BRIEF: Every record below is to be retyped exactly, with any pictures left out.

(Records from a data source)

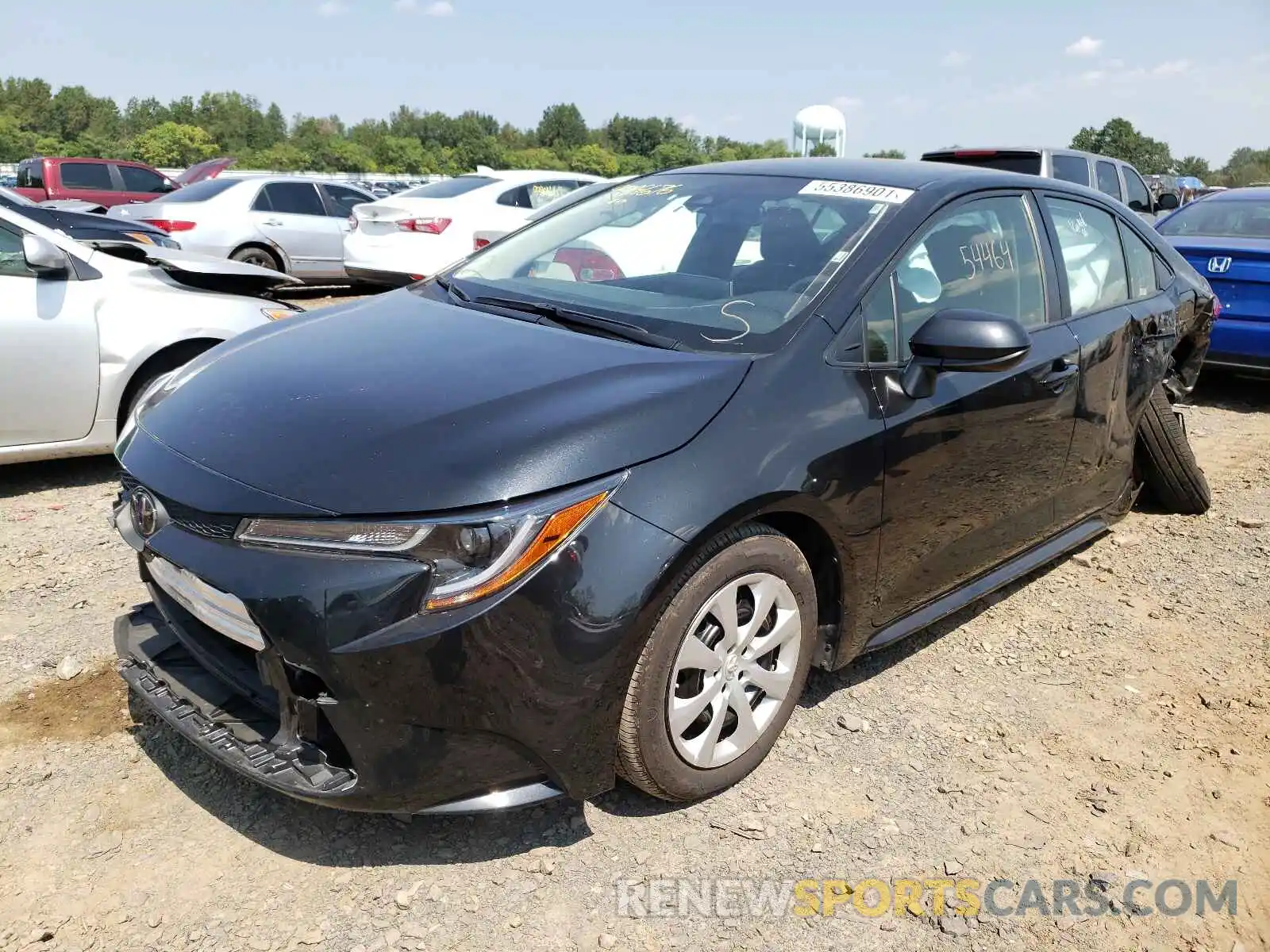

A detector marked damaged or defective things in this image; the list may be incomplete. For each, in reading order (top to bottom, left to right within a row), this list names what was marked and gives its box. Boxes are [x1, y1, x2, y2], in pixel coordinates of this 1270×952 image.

damaged black toyota corolla [110, 160, 1213, 812]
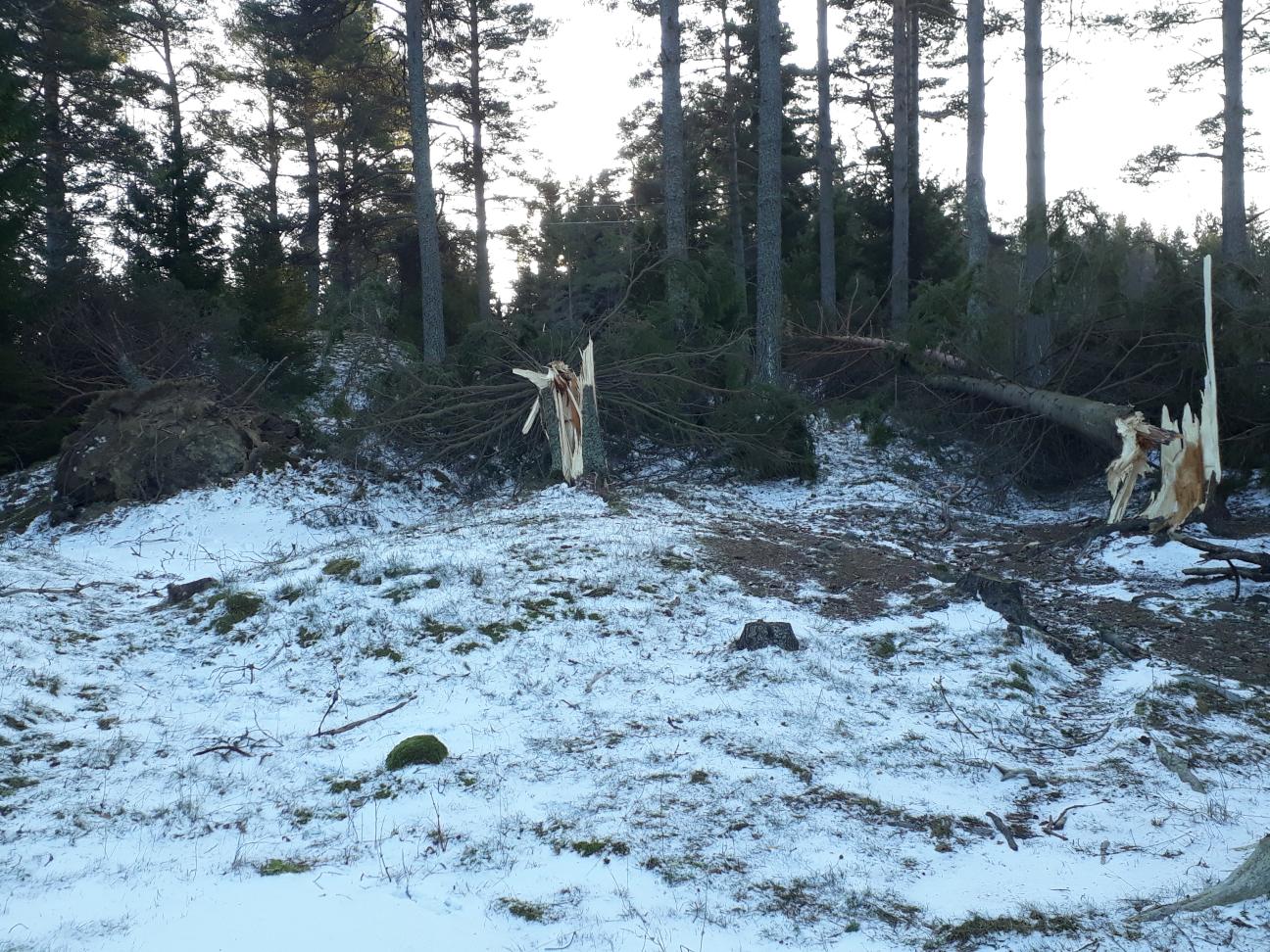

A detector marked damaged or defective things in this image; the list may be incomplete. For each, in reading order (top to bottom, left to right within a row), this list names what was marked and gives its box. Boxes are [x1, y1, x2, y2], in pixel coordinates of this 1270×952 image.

splintered wood [513, 340, 607, 485]
splintered wood [1107, 258, 1224, 525]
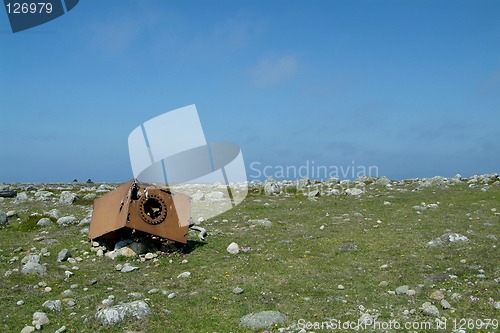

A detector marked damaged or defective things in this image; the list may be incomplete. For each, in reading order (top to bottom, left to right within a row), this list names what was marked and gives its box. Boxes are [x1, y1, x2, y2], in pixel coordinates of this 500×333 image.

rusty metal debris [89, 179, 204, 246]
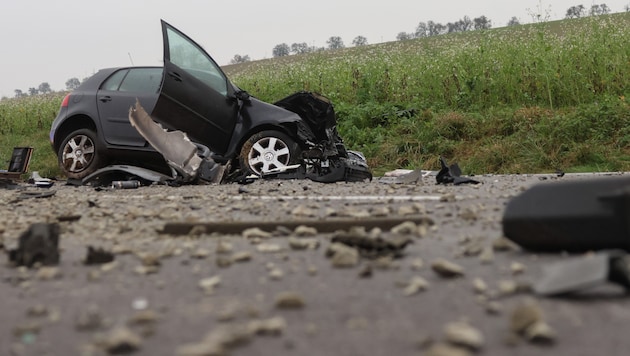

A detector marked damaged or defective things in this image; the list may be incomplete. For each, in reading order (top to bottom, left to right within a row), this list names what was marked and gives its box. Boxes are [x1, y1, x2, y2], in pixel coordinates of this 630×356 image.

wrecked black car [51, 19, 372, 184]
broken plastic debris [436, 159, 482, 186]
detached bumper piece [504, 176, 630, 253]
broken plastic debris [8, 222, 60, 268]
broken plastic debris [536, 250, 630, 298]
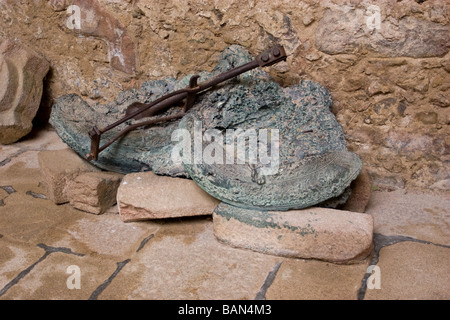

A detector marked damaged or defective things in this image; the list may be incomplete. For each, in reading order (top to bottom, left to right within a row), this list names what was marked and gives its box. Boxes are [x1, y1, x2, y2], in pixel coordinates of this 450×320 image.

rusted metal rod [86, 43, 286, 161]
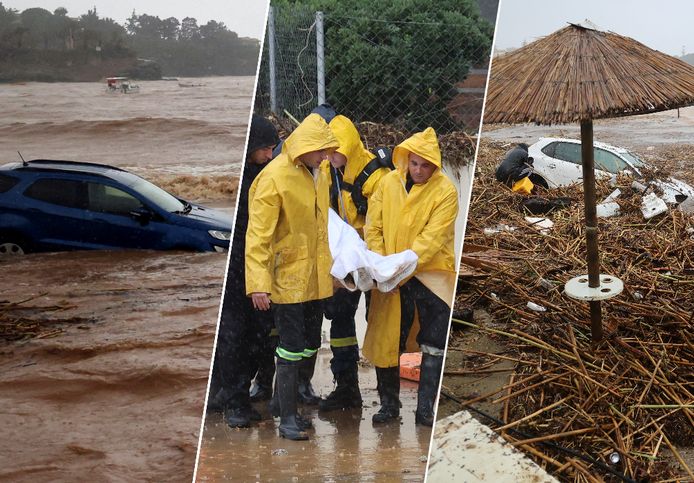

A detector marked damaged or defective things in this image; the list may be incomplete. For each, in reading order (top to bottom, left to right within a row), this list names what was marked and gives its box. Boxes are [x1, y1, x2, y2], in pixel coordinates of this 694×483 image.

white wrecked car [528, 138, 694, 204]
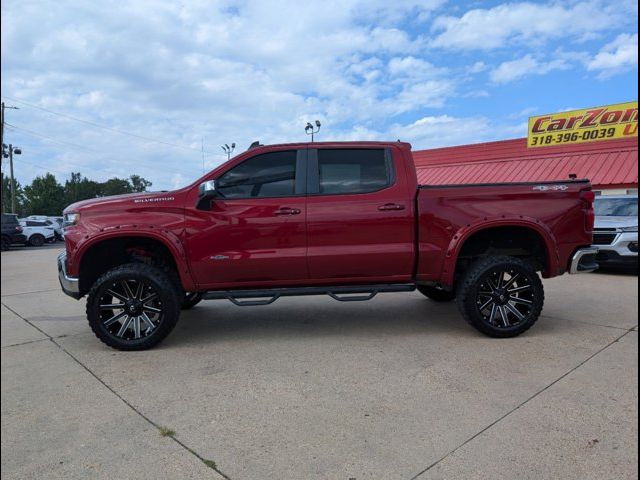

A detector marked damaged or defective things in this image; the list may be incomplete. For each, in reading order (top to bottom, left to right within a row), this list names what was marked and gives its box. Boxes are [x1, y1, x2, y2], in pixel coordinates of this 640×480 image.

pavement crack [1, 302, 231, 478]
pavement crack [410, 328, 636, 478]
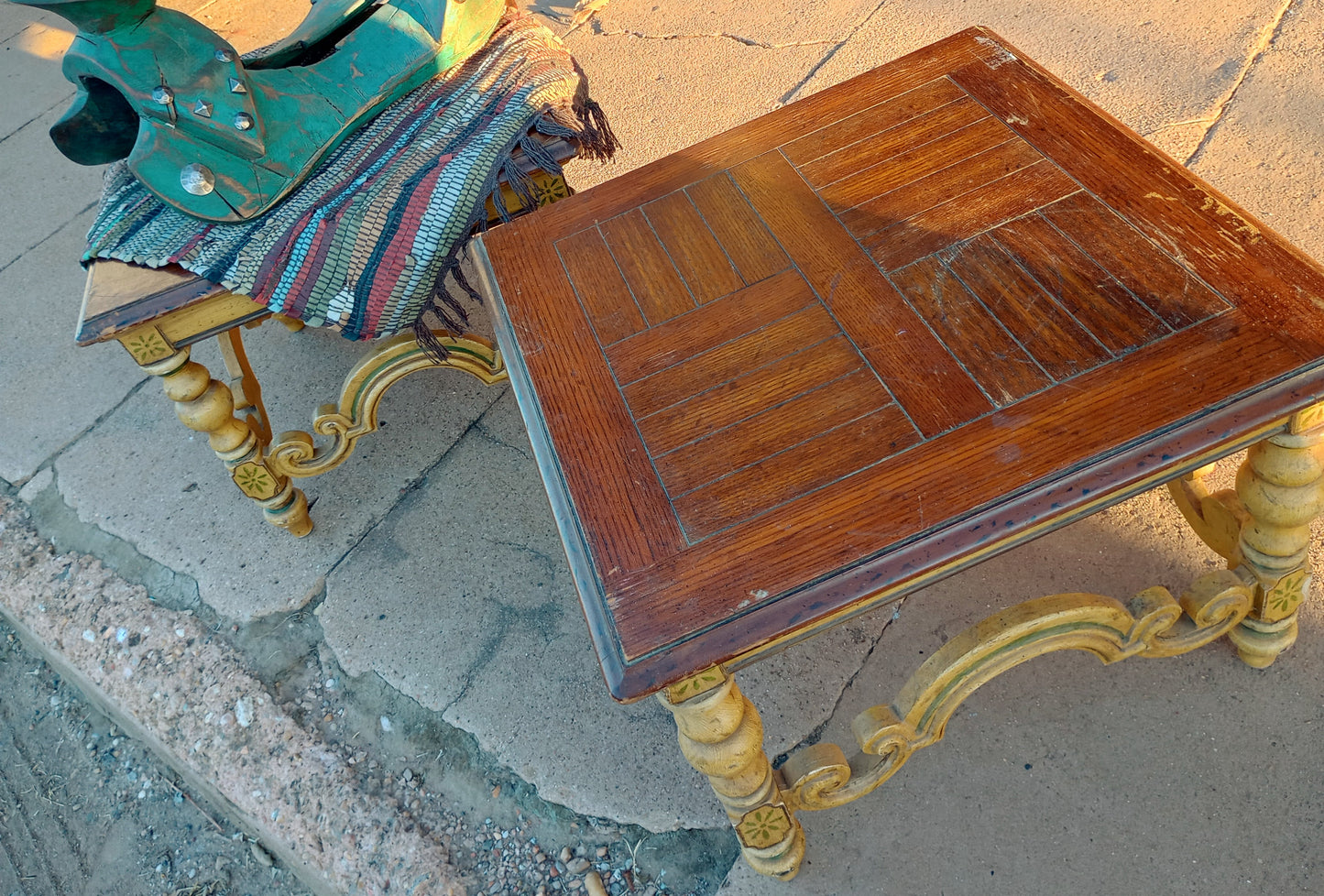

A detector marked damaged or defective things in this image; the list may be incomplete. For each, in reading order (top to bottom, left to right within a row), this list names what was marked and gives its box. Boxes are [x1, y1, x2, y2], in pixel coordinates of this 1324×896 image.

crack in concrete [772, 0, 890, 104]
crack in concrete [1186, 0, 1297, 166]
cracked concrete slab [1191, 0, 1324, 263]
cracked concrete slab [0, 209, 145, 486]
cracked concrete slab [54, 320, 503, 621]
cracked concrete slab [323, 391, 900, 831]
cracked concrete slab [720, 486, 1324, 889]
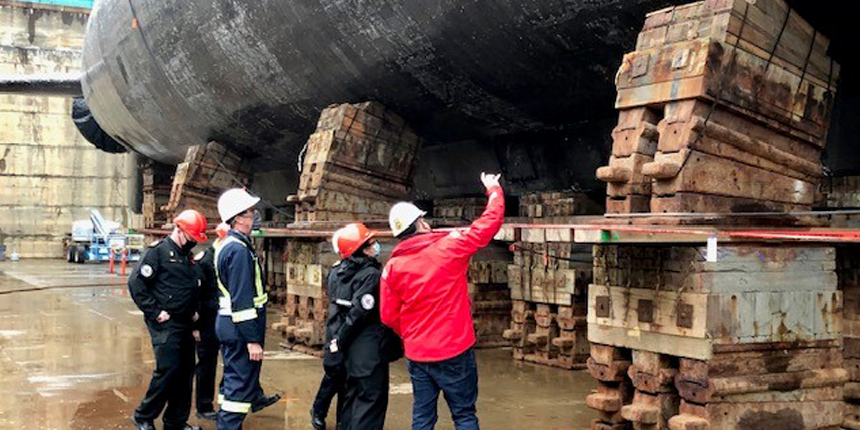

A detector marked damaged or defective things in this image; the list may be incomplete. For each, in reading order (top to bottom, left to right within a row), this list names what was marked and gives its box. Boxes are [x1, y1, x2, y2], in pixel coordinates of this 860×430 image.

rusty hull surface [0, 260, 596, 428]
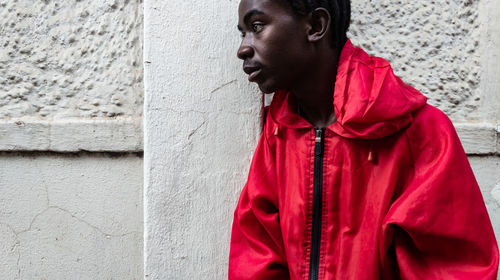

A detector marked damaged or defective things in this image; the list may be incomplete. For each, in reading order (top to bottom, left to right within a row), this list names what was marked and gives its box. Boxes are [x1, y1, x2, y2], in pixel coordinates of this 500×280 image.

cracked wall surface [0, 0, 145, 118]
cracked wall surface [350, 0, 482, 121]
cracked wall surface [0, 154, 143, 278]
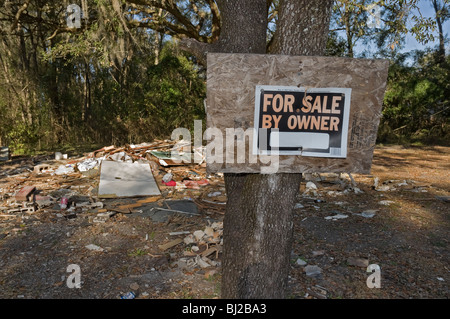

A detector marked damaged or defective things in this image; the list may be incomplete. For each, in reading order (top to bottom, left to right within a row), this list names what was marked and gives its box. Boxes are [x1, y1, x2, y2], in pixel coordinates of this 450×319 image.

broken concrete slab [97, 161, 161, 199]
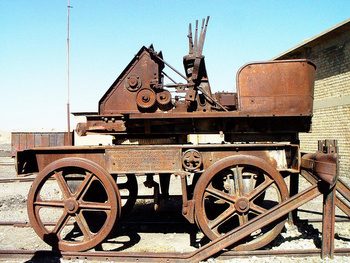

RESULT OF THIS EXERCISE:
A detector marked damaged or defective things in this image; the list may be incomplete. For each, in reading order (top to bottom, left to right within a row), this list names what was marked and gives its box. Boxes are [x1, y1, x2, y2], in pixel coordinates of this 1270×952 image.

damaged black toyota corolla [110, 160, 1213, 812]

A detector marked damaged or defective things in this image; the list may be incomplete. For each, in reading order (top to bottom, left to right within a row), this list names what was marked and gives its box. Boxes are [x1, y1, x2, y2], in pixel coordinates of this 1270×952 image.

splintered wood [513, 340, 607, 485]
splintered wood [1107, 258, 1224, 525]

A detector marked damaged or defective things in this image; the list may be incomplete. For each, in reading order (top to bottom, left to right within a row), this list names what was marked and gives its box. Boxes are [x1, y1, x2, y2], in pixel coordinates of this 500×333 image.

rusty metal debris [89, 179, 204, 246]

A detector marked damaged or defective things in this image; the list may be incomplete. For each, in reading order (top to bottom, left to right within a row), this list names what was marked and gives its box. Boxes are [x1, y1, x2, y2], in pixel coordinates of this 630×356 image.

wrecked black car [51, 19, 372, 184]
broken plastic debris [436, 159, 482, 186]
detached bumper piece [504, 176, 630, 253]
broken plastic debris [8, 222, 60, 268]
broken plastic debris [536, 250, 630, 298]

A detector marked damaged or defective things in this image; the list may be incomplete. For each, in reading order (top to bottom, left to right within a row), this list names what was marked and gives its box. Boxes are [x1, y1, x2, y2], in pixel coordinates of this 450×320 image.

rusted metal rod [86, 43, 286, 161]

A detector marked damaged or defective things in this image; the list may be incomplete. For each, in reading order (top to bottom, left to right within a row), this list names what was marked and gives its box. Boxes are [x1, y1, x2, y2], in pixel coordinates of this 694×483 image.

white wrecked car [528, 138, 694, 204]

A detector marked damaged or defective things in this image; the list may be incomplete. For each, in reading order (top to bottom, left to right within a row), this list names what was marked and gives its box. Boxes are [x1, y1, x2, y2], in pixel coordinates of this 640×480 image.

pavement crack [1, 302, 231, 478]
pavement crack [410, 328, 636, 478]

A detector marked damaged or defective things in this image; the list may be incomplete. For each, in reading order (top to bottom, left to right within a row), this list names what was marked and gives its box. Boxes are [x1, y1, x2, y2], in pixel coordinates of this 1324×896 image.

crack in concrete [772, 0, 890, 104]
crack in concrete [1186, 0, 1297, 166]
cracked concrete slab [1191, 0, 1324, 263]
cracked concrete slab [0, 209, 145, 486]
cracked concrete slab [54, 320, 503, 621]
cracked concrete slab [323, 391, 900, 831]
cracked concrete slab [720, 486, 1324, 889]

A detector marked damaged or defective things in this image; the list may be incomplete. For each, in reading order (top to bottom, left to right within a row), this list names what was marked and gives its box. Boxes are [x1, y1, x2, y2], in pixel coordinates of this 860×430 image.

rusty hull surface [0, 260, 596, 428]

A detector marked damaged or defective things in this image; the list may be incomplete. For each, in reading order (top to bottom, left to right within a row), this list names what was marked and gives its box. Boxes are [x1, y1, x2, y2], in pixel coordinates of this 500×280 image.

cracked wall surface [0, 0, 145, 118]
cracked wall surface [350, 0, 482, 121]
cracked wall surface [0, 154, 143, 278]

A detector marked damaged or defective things in this image; the list may be incomplete. For each, in reading order (top to bottom, left to right within a row), this list names what was marked and gives its box. Boxes are [x1, y1, x2, y2], in pixel coordinates of this 450×319 image.

broken concrete slab [97, 161, 161, 199]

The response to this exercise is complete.